In addition to using the network_wrangler library, this notebook uses the script, [`create_mtc_network_from_OSM.py`](https://github.com/BayAreaMetro/mtc_wrangler/blob/main/create_baseyear_network/create_mtc_network_from_OSM.py). The script also contains a main method and works as a standalone tool, which would be more practical for building an actual network; this demonstration just uses the python notebook in order to illustrate the output of the major steps.


# 🏞 Setup Environment

## Fetch code from GitHub

Fetch [network_wrangler code](https://github.com/BayAreaMetro/network_wrangler/tree/centroids) and [network creation script](https://github.com/BayAreaMetro/mtc_wrangler/blob/main/create_baseyear_network/create_mtc_network_from_OSM.py).
Currently the network_wrangler code is the centroids branch of a BayAreaMetro fork, but this will be merged into [`network_wrangler`](https://github.com/network-wrangler/network_wrangler) after review.

In [None]:
!git clone https://github.com/BayAreaMetro/network_wrangler.git
!git clone https://github.com/BayAreaMetro/mtc_wrangler.git

Ensure `mtc_wrangler` code is up-to-date (we're fixing bugs!)

In [None]:
%cd /content/mtc_wrangler/
!git pull
print("Last commit for mtc_wrangler:")
!git log -1


Ensure `network_wrangler` is on the `centroids` branch and up-to-date.
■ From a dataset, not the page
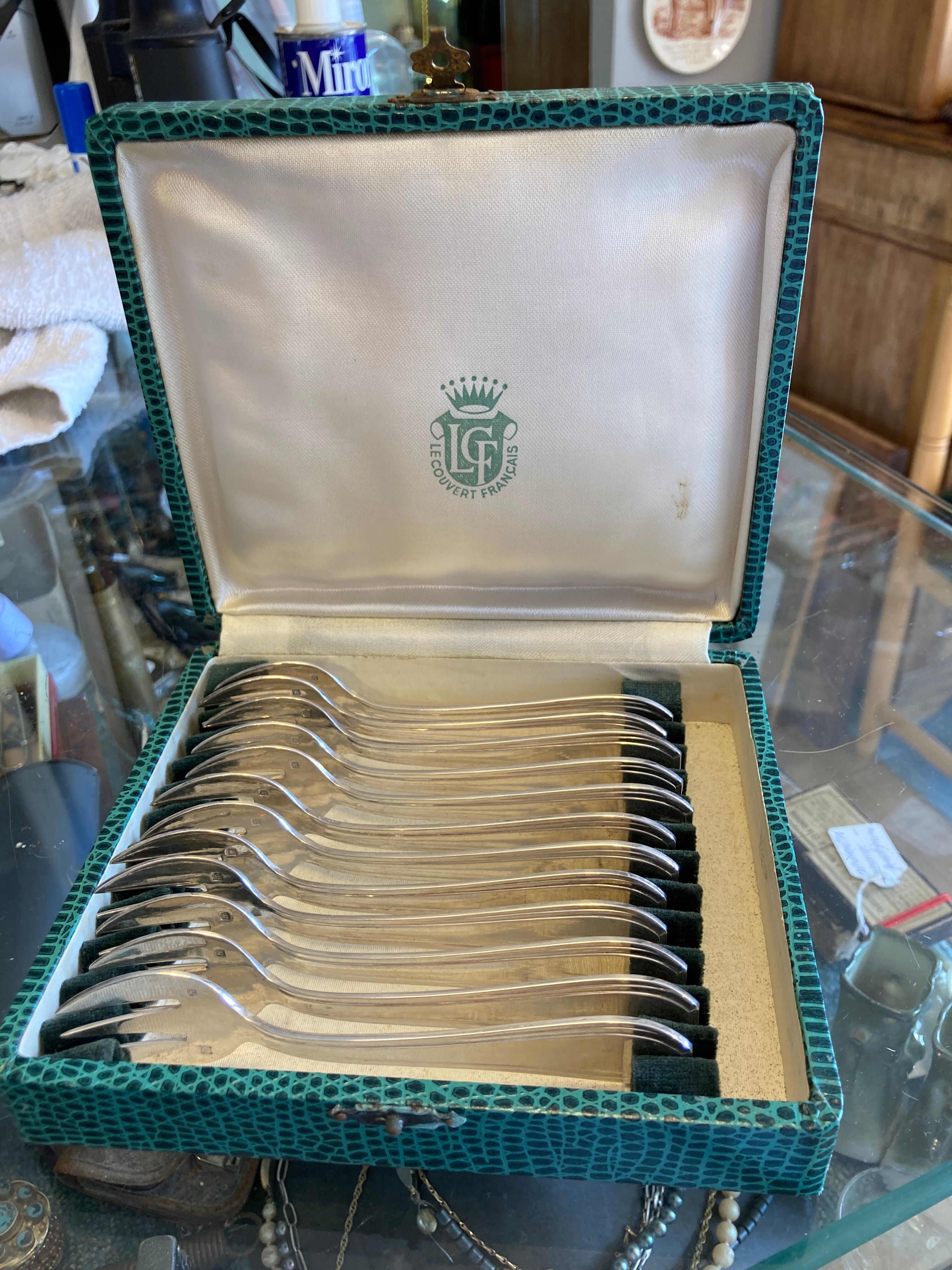 12 dessert forks, cake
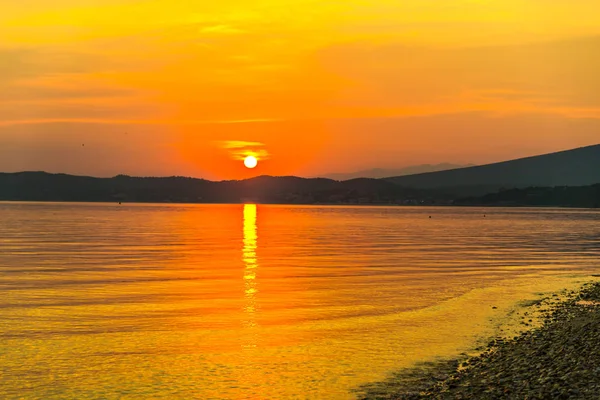 Величне Оранжево Червоне Небо Заходу Сонця Сонцем Над Водою Озера — стокове фото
Install package in editable mode.

In [None]:
%cd /content/network_wrangler/
!git pull
!git checkout centroids
print("Last commit for network_wrangler on centroids branch:")
!git log -1

## Install python packages and test import
This includes:
* `scikit-learn` for nearest neighbor searches to match transit to roadway network,
* `pygris` to fetch county shapefiles,
* `mapclassify` for visualization,
* `us` for state lookup codes
* and local version of `network_wrangler`

In [None]:
%%capture python_install_cap
!pip install scikit-learn pygris mapclassify us
# Install Tableau package if using Tableau for visualization
#!pip install tableauhyperapi
%cd /content/network_wrangler/
!pip install -e .

In [None]:
# run this if you want to see the output from the python install
print(python_install_cap)

In [None]:
import sys
print(sys.version)
# make sure we can import network_wrangler
import network_wrangler
import pprint
print(pprint.pformat(dir(network_wrangler)))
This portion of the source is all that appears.